В отличие от Мария и Суллы никто из членов триумвирата не выказывал желания убивать своих собратьев-аристократов. Разве докажешь превосходство над соседом, придушив его в тюрьме? Докажет его тот, кто, подобно Помпею, Цезарю или Крассу, в лучших традициях предков поведет римских воинов к победе, а потом приведет их обратно, нагруженных добычей и раздувшихся от гордости, пройдете ними по улицам величайшего в мире города, через толпы бывших соперников, ревущих приветствия и завидующих одновременно, и чем сильнее завидующих, тем лучше. Совместными усилиями оптиматы стремились не дать триумвирам достичь подобных успехов, что и привело в результате сначала Цезаря, а потом и Октавиана к ситуации, когда приходится выбирать — убивать самому или быть убитым.
Впервые все поняли, насколько серьезно угрожает Цезарь республике, когда он появился на Форуме перед огромной толпой своих сторонников; он вышел на ростру бок о бок с Помпеем и Крассом. Отныне империя стала явью: три самых могущественных в Риме человека объединились, чтобы бросить вызов сенату, и никто не мог помешать им, кроме друг друга. Соглашение ограничивало деятельность каждого из троих: ни один не должен делать того, против чего возражает хотя бы один из остальных. Возглавляемая Цезарем как действующим консулом, поддерживаемая большинством трибунов и ветеранов Помпея, эта тройка могла узаконить любые свои притязания — благодаря массовой поддержке народа, который голосовал в народном собрании. Бибул, бывший в том году вторым консулом, оказался не в состоянии помешать им совершить coup d'etat[5]
.Сплоченность триумвирата укрепил еще и брак Помпея с дочерью Цезаря Юлией.
Октавиану в то время было почти четыре года. Свидетельств его встречи с Помпеем не существует, но они скорее всего встречались, поскольку династический брак Помпея заключался именно с целью сблизить две семьи. Октавиан, надо полагать, присутствовал на свадьбе вместе со своей матерью Атией, которая прекрасно понимала политическую важность этого союза. Если бы Юлия подарила Цезарю внуков (Помпей уже имел троих сыновей от предыдущих браков), Октавиан стал бы значить для Цезаря куда меньше. Учитывая, что Помпею в ближайшие годы предстояло оставаться самым могущественным человеком в Риме, Атия наверняка старалась держать сына поближе к нему и Юлии.

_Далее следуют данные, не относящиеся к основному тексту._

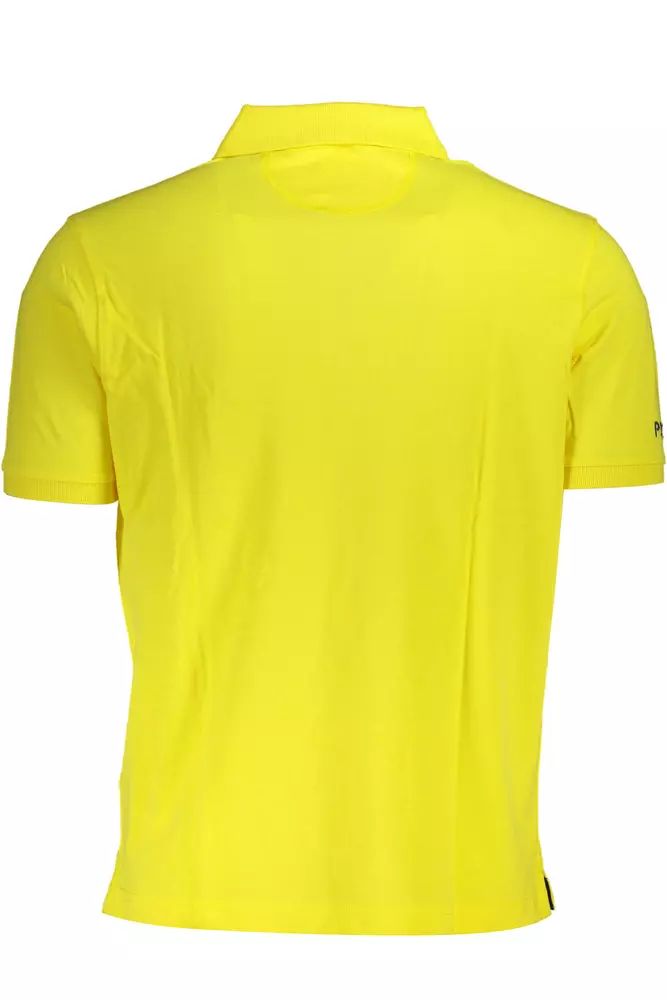 La Martina Elegant Yellow Cotton Polo Shirt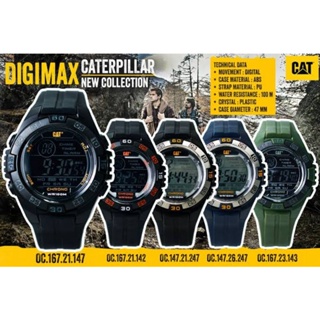ภาพหน้าปกสินค้านาฬิกาข้อมือ CAT นาฬิกาผู้ชาย Caterpillar รุ่น DigiMax นาฬิกาของแท้ กันน้ำ ที่เกี่ยวข้อง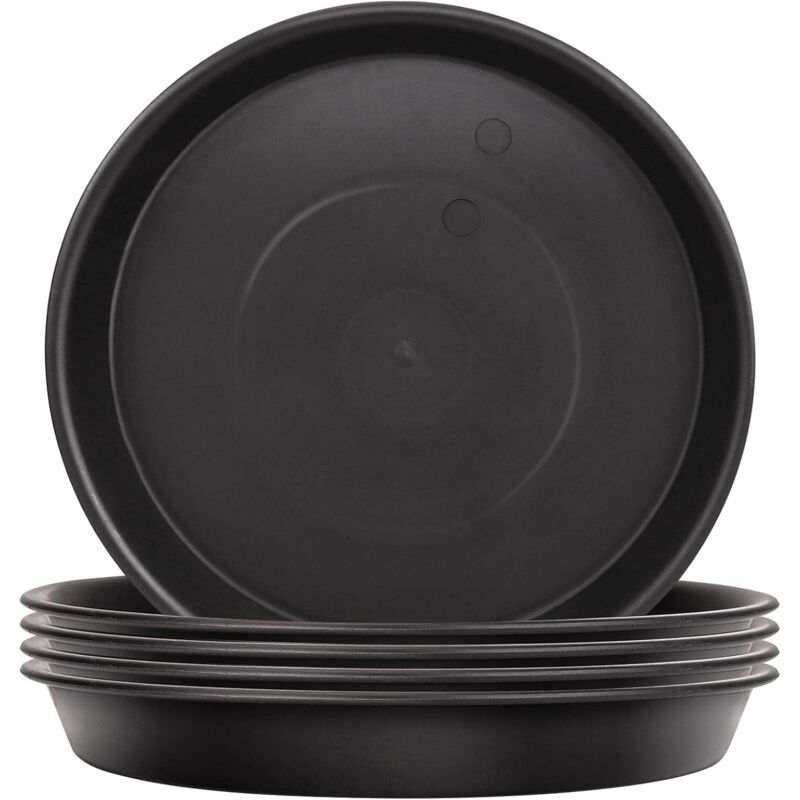 Ersandy - Set mit 5 Pflanzen-Untersetzern, Blumentopf-Untersetzern für Pflanzen, Pflanzschalen für drinnen, draußen, Garten – 30 cm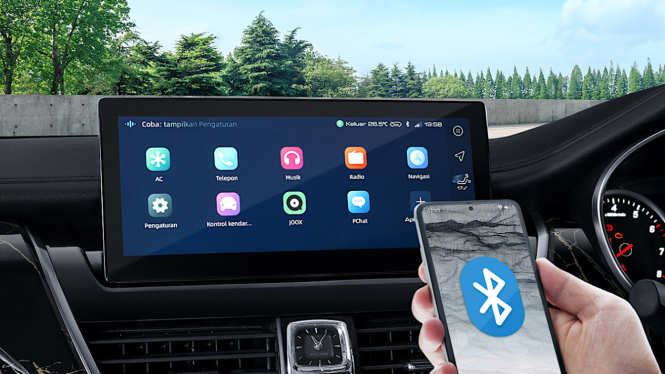 Ilustrasi Bluetooth / audio mobil / head unit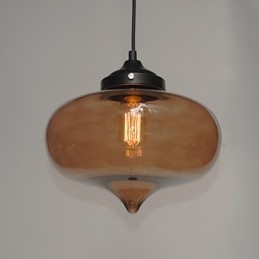 Pendente Bubble Design 1 Luz com Sombra Transparente
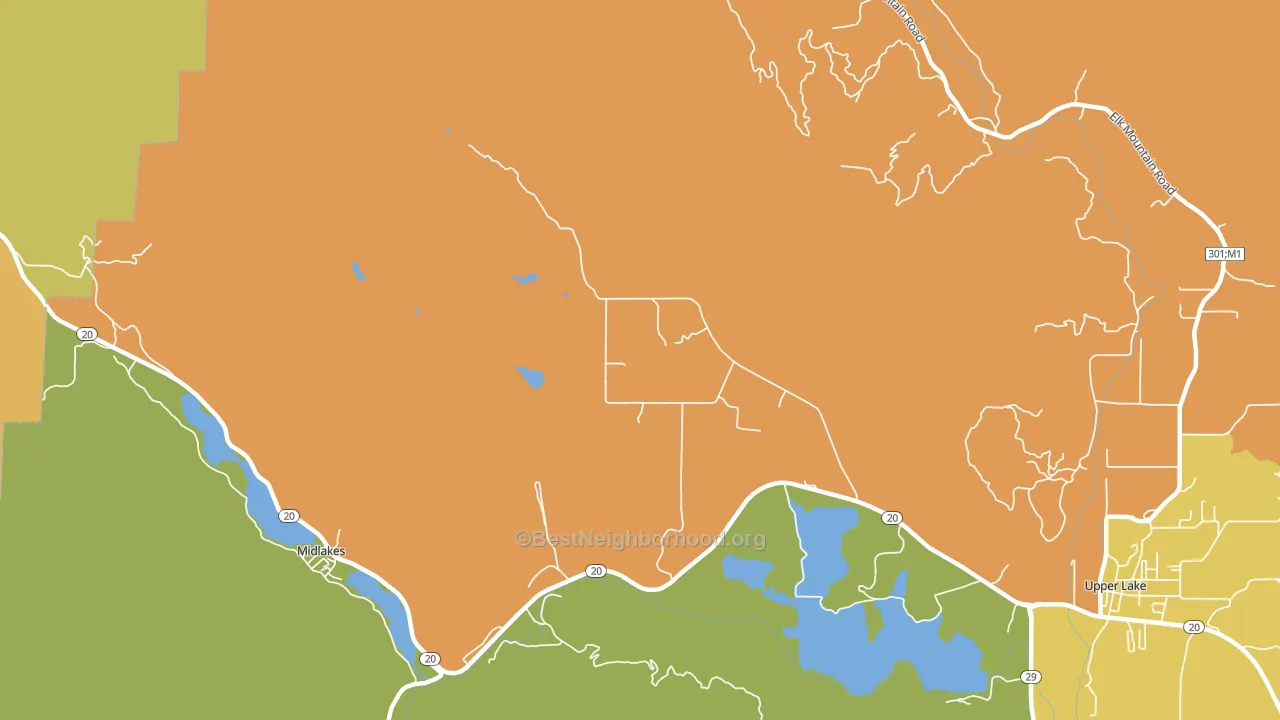 95493, CA block-group voter-turnout map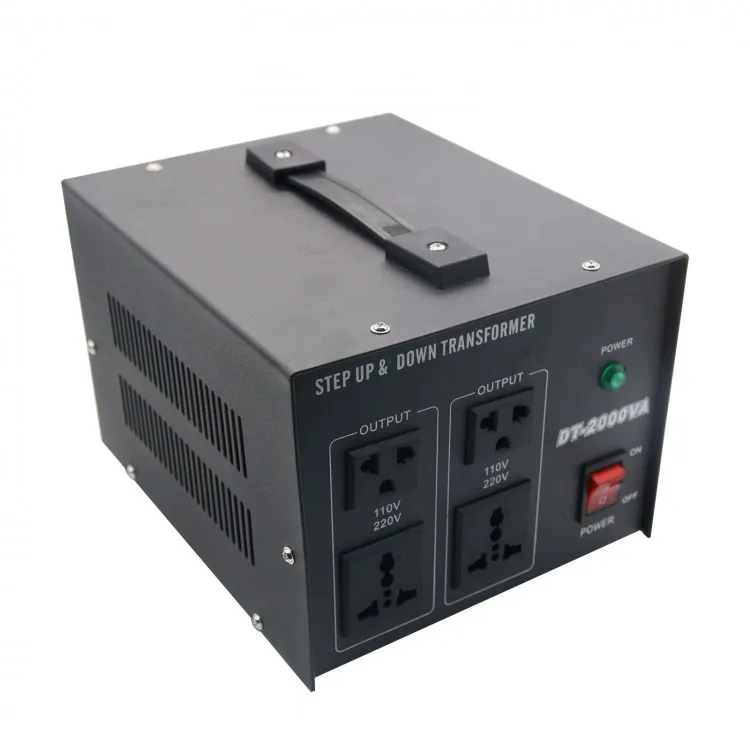2000W电压转换器变压器升压/降压电源220V至110V至220V| Alibaba.com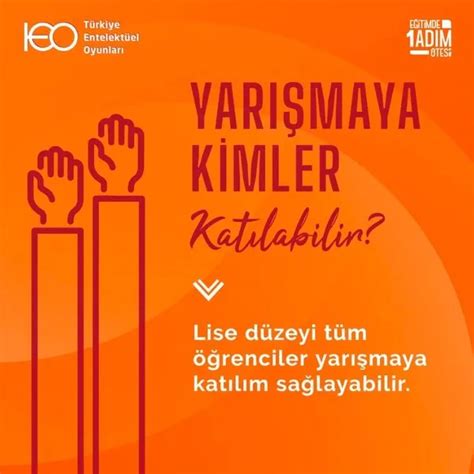 İki kişilik takımını kur! Türkiye Entelektüel Oyunları Liseler Arası Bilgi Yarışması nisan ...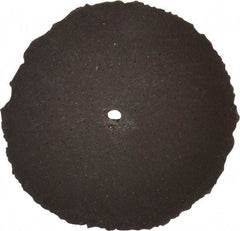 Cratex - 1" Diam x 1/16" Hole x 1/8" Thick, Surface Grinding Wheel - Silicon Carbide, Medium Grade, Rubber Bond, No Recess - A1 Tooling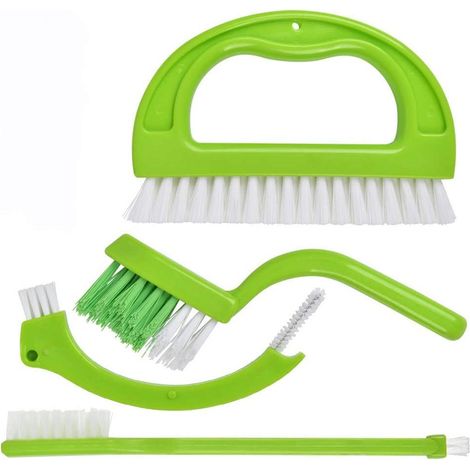 Kit de Brosse pour Les Joints Carrelage Fenêtre Nettoyage des Jointures dans Salle Cuisine et Ménage Elimine Moisissure 4 Pcs (1/5)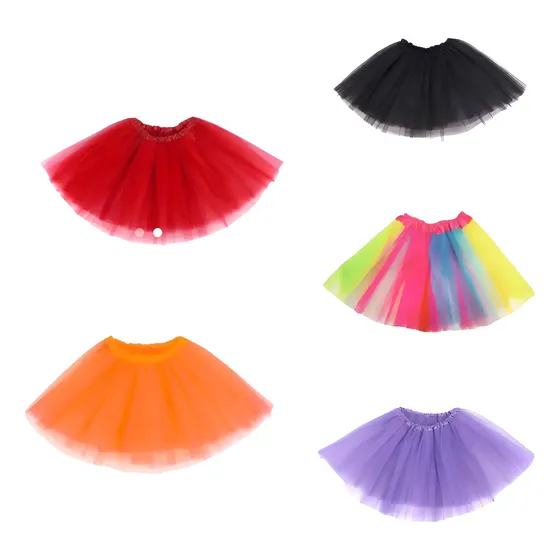 Saia Tule Colorida Glitter Festa Ballet Tutu Fantasia 30/40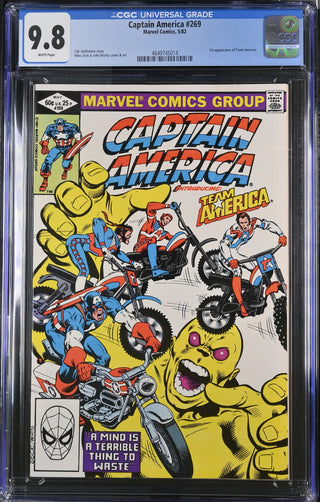 Captain America #269 (5/82) Graded CGC 9.8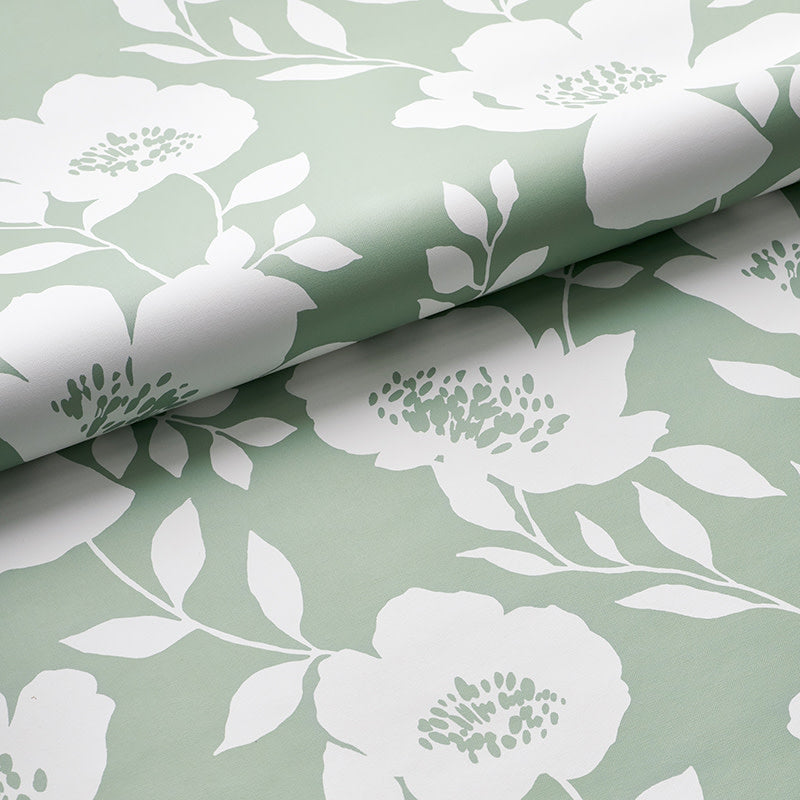 Ava Removable Wallpaper - Floral Willow Green, Panel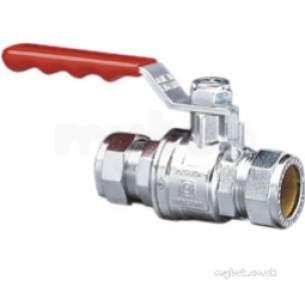 Prestex Pb300 Brass Cxc Ball Valves -  Prestex Pb300 Cxc Brass Ball Valve Red 42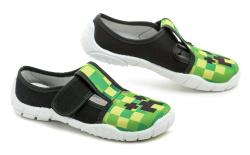 Raweks Borys B8 zeleno čierne detské papuče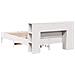 Letto Libreria senza Materasso Bianco 135x190 cm Legno di Pino - Foto miniatura 6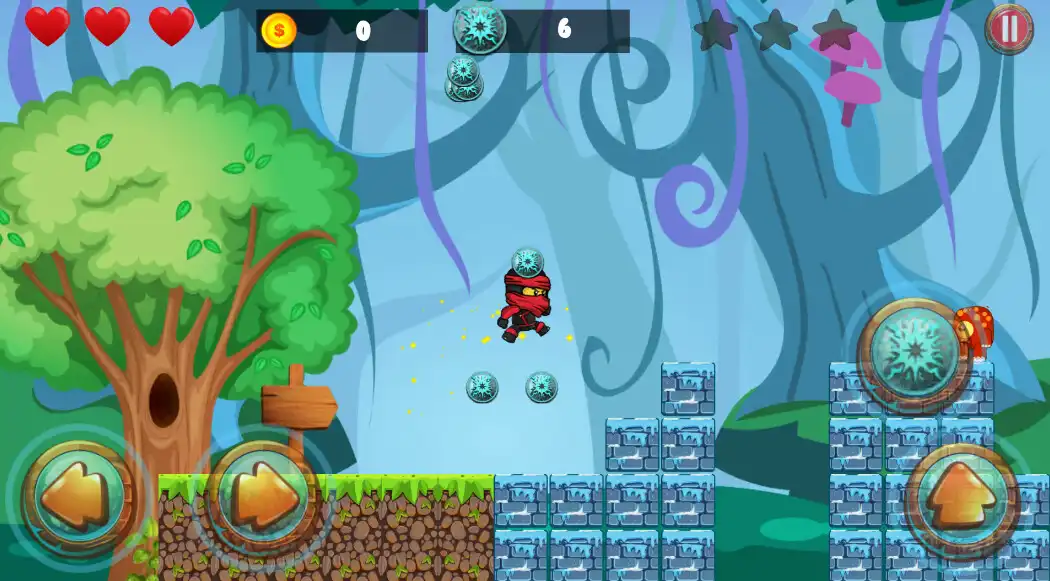 Play Ninja Go Warrior Shadow Run as an online game Ninja Go Warrior Shadow Run with UptoPlay
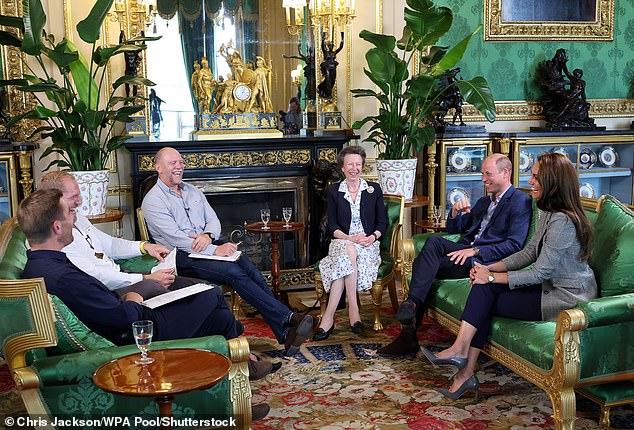 Prince William and Princess Anne are known to have a close bond. The pair appeared with Kate on Mike Tindall's podcast, The Good, The Bad and The Rugby, last year.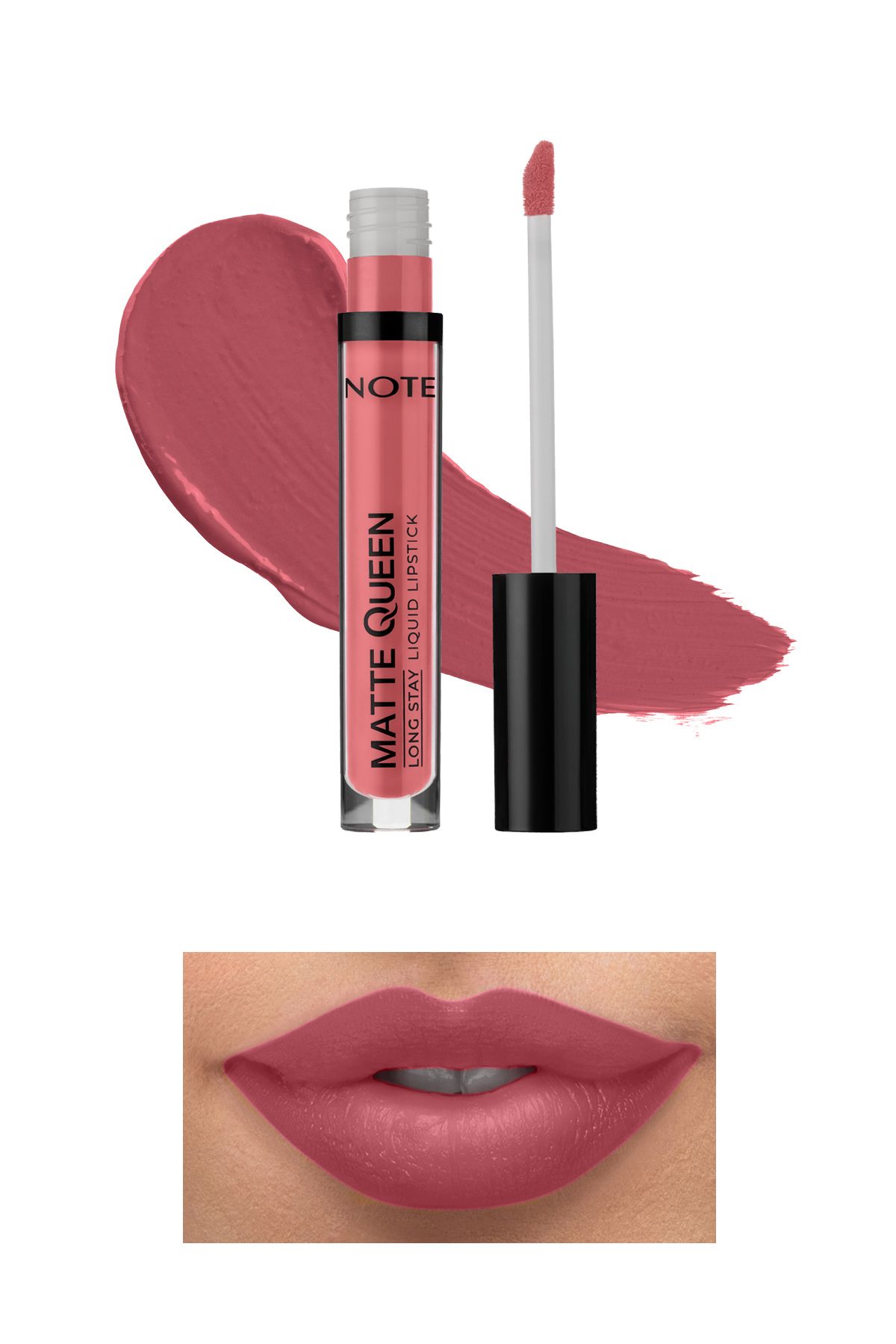 Note Cosmetics Matte Queen Lipstick Kalıcı Likit Ruj 07 Proud Pink - Pembe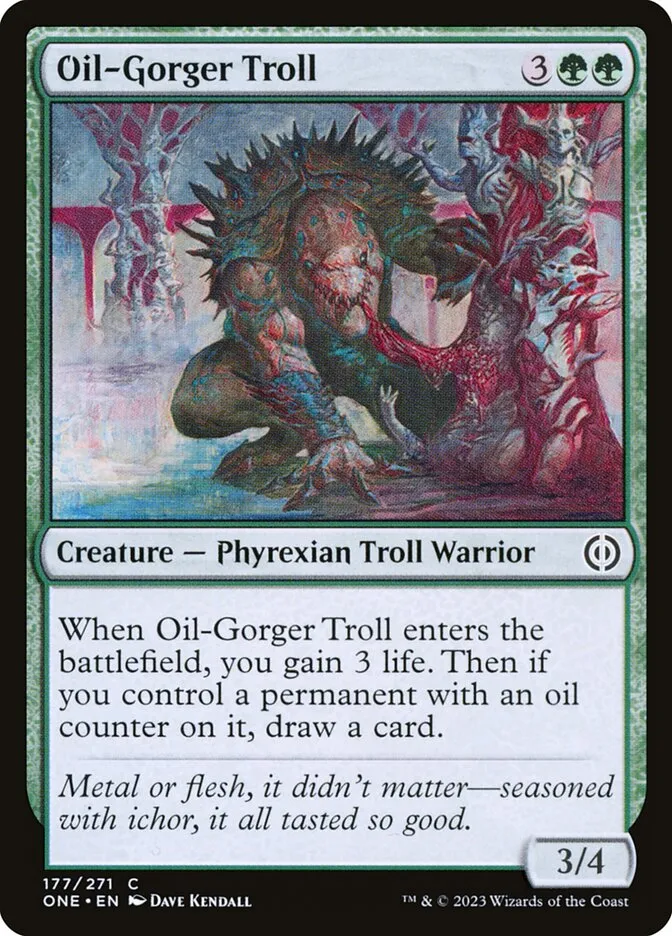 Oil-Gorger Troll Front Face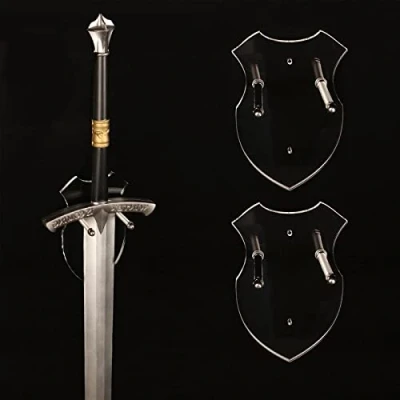 Immagine di Supporto da parete per spada parete, gancio pugnale ascia keyblade senza spada, display verticale (2 set trasparenti)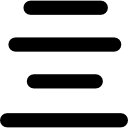Center alignment symbol icon
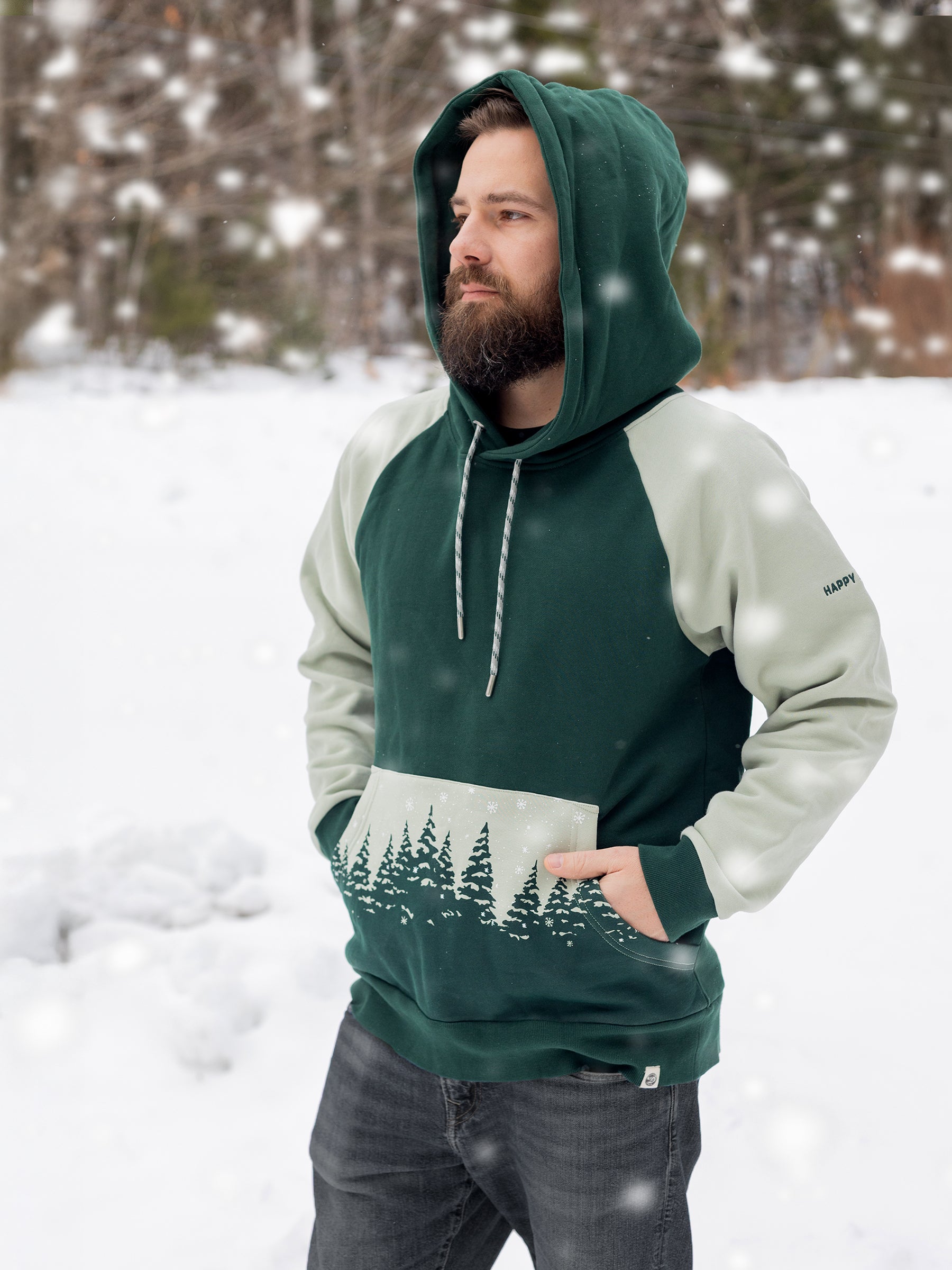 Powdered Pines Hoodie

Когда окончился срок консульства Цезаря, он получил назначение на пять лет на пост правителя трех сопредельных провинций, включая всю Северную Италию (называвшуюся Цизальпинской Галлией)[6]
за рекой Рубикон.Кроме того, Цезарь получил под начало четыре легиона и в дополнение к ним быстро навербовал еще два. Его легионы контролировали весь Апеннинский полуостров. Сенат не мог собрать достаточные для противостояния им силы — разве что навербовать новых солдат или набрать войско за границей. Однако ни то ни другое не годилось — пока триумвиры сохраняли власть над толпой и пользовались поддержкой народных собраний — через трибунов. Теоретически по крайней мере часть войска Цезаря могла дойти до Рима за одну-две недели. И так и случится. Но теперь взгляд Цезаря был устремлен на северо-запад. Следующие девять лет он будет занят завоеванием славы — бессмертной славы, подобной славе Александра Великого.
III. Мальчик, который опоздал на войну
Отец Октавиана умер во время консульства Цезаря. Для семьи это был тяжелый удар — как в политическом плане, так и в личном. Поскольку в союзе с Помпеем и Крассом Цезарь весьма ловко управлялся с рычагами власти, никто не сомневался: Гай Октавий Старший непременно станет консулом. Октавиан в таком случае оказался бы причислен к знати — как прямой потомок человека, побывавшего консулом. Теперь четырехлетнему мальчику предстояло дожидаться, пока эту честь подарит ему Цезарь, приняв его в род Юлиев.
За свою недолгую пока жизнь мальчик нечасто видел отца. По всей вероятности, большую часть времени он проводил в семейном поместье в Велитрах, где сто лет спустя местные жители с гордостью показывали благоговеющим посетителям небольшую комнатку, его бывшую детскую. Некоторые даже утверждали, что Октавиан там и родился, но это скорее просто попытка набить цену Велитрам — и себе заодно.
Отцу Октавиана, ставшему претором в 62 году до нашей эры, предстояло провести этот год в Риме, изредка вырываясь в деревню к семье на неделю-другую. После претуры он год был наместником Македонии, причем показал себя достаточно хорошо, ибо заслужил похвалу такого строгого судьи, как Цицерон. Отец вполне мог взять Октавиана с собой в Македонию, но вероятнее всего он оставил его в Велитрах, на попечении нянек — хотя бы по причине слабого здоровья мальчика, которое часто внушало опасения.